Rafa is a doctoral candidate in the Language, Literacy and Culture cluster at the Berkeley School of Education. His work focuses on understanding how literacy and technology shape learning in formal and non-formal educational spaces, particularly in rural areas in Latin America. More specifically, Rafa's work seeks to understand how literacy practices shape and are shaped by people's political economy, and how these practices can become windows into the civic projects marginalized communities are trying to build beyond, and sometimes in opposition to, global development projects. Some of the questions guiding his research agenda are: What happens to literacy practices when they move from global policy discourse into local classrooms and community spaces? How do teachers and students appropriate technologies in ways that reflect local histories and aspirations? What civic futures are being imagined through everyday literacy practices?
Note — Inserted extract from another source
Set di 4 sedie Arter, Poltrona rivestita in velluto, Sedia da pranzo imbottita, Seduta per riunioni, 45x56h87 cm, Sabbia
How do communities negotiate, resist, or transform dominant narratives of “innovation” and “progress”? When does technology amplify local agency, and when does it reproduce inequality?
Rafa came to the BSE with almost a decade of experience in research and teaching in his home country, Nicaragua. He abandoned a career in Law shortly after entering a high school classroom for the first time almost ten years ago as a language teacher. Since then, all his work has been dedicated to equity and education. He has been a university lecturer and has worked on Regional Teacher Training Programs funded by international donors. Throughout his career, he has identified these tensions between international development projects and local agency, which have shaped his research.
Looking forward, Rafa hopes to continue working at the intersection of research, teaching, and collaborative program design, building bridges between scholarly inquiry and transformative educational practice. His current projects include partnerships with educational organizations in Honduras, Colombia, and Mexico, as well as ongoing research on literacy, technology, and civic reasoning. Through this work, he aims to contribute insights that support rural teachers, strengthen community-rooted educational initiatives, and inform more relational approaches to educational change. He aims to return to his country one day and play a role in Nicaragua's much-needed democratic transition.
Outside academics, Rafa enjoys writing short stories, watching good movies and tv shows, and spending quality time with his loved ones. Broadly, Rafa is always trying to build bridges and connect with people who, like his favorite writer, Roque Dalton, believe that "poetry like bread is for everyone."